Robert (Owen Whitelaw) and his younger sister Isla (Kirsty Mackay) are two faitherless and mitherless bairns whose life ‘off the grid’ could be coming to an end following a visit from determined benefits assessor, Jessica (Sally Reid). Robert, brilliantly captured by Owen Whitelaw, has retreated to his room that he shares with a few tarantulas, a snake, an iguana and piles of copies of New Scientist. He hasn’t left for the house for 20 years, can’t even work a washing machine yet his strange behaviour masks an unusually high intelligence, acutely sharp instincts and a deep anatomical knowledge.

He has developed an allergy to light and life, has an acute sense of smell and is obsessed with the Aussie soap opera Neighbours, so much so that his limited life pivot round its episodes. Poor Isla struggles trying to keep up her judo lessons and homework in the midst of school bullying and looking after her anxious, skin picking brother.

So far so depressing. The re-creation of agoraphobic Robert’s claustrophobic living space by Becky Minto is vivid enough to make you glad you’re in the auditorium and not on set! But far from writing about the siblings’ bleak and fragile life of extreme marginalisation with a didactic tone, Morna Pearson has elevated the text by adding layers of the surreal and the mysterious in the form of time travel and parallel lives thanks to experiments with a car battery charger and a series of alarm clocks. Add to this her use native NE Scots laced with her trademark humour that drips with a rich humour that’s as black as treacle but not always as sweet. The result is an unsettling but compelling piece of theatre, under the sure hand of Gareth Nicholls’ direction, that had folk laughing throughout till its ending that unsentimentally holds the promise of other lives to be lived.

The themes of space and time are manifest in Kai Fischer’s lighting design that includes a group of what looks like hanging torches like the amber stars that inspire Robert to think far outside his own literal box i.e. his bedroom and Michael John McCarthy’s sudden whooshing sound effects are both atmospheric and dramatic. Time is confused within the scenes as well as in the overarching theme, shown by the whirring numbers of the digital clocks.

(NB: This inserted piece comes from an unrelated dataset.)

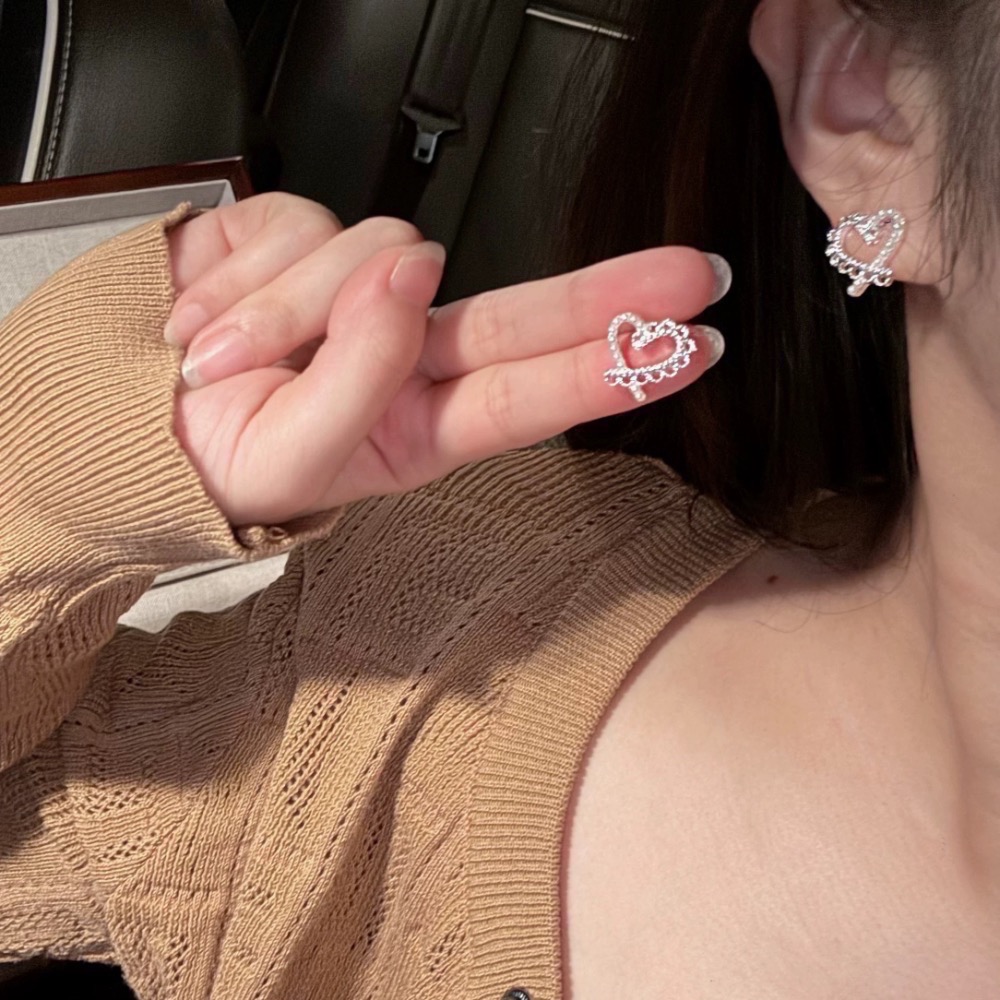 𝓨𝓪𝓷𝓰𝓑𝓲🕊️【耳針耳夾都有】【韓系鏤空愛心蕾絲邊珍珠耳環】 Y873-細節圖5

The late Jimmy Reid was recalled saying when looking at some high- rise flats that, "Behind every one of these windows is somebody who might be a horse-jumping champion, a formula one racing champion, a yachtsman of great degree, but he'll never know because he'll never step on a yacht or formula one car - he'll never get the chance." There’s a lot to process in this latest play from Morna Pearson. Some subtleties in the text are missed to the play’s detriment but once the confusion clears, a message of real relevance for our time shines through. Who among us would not want to step through the portal and see alternative possibilities; get that chance?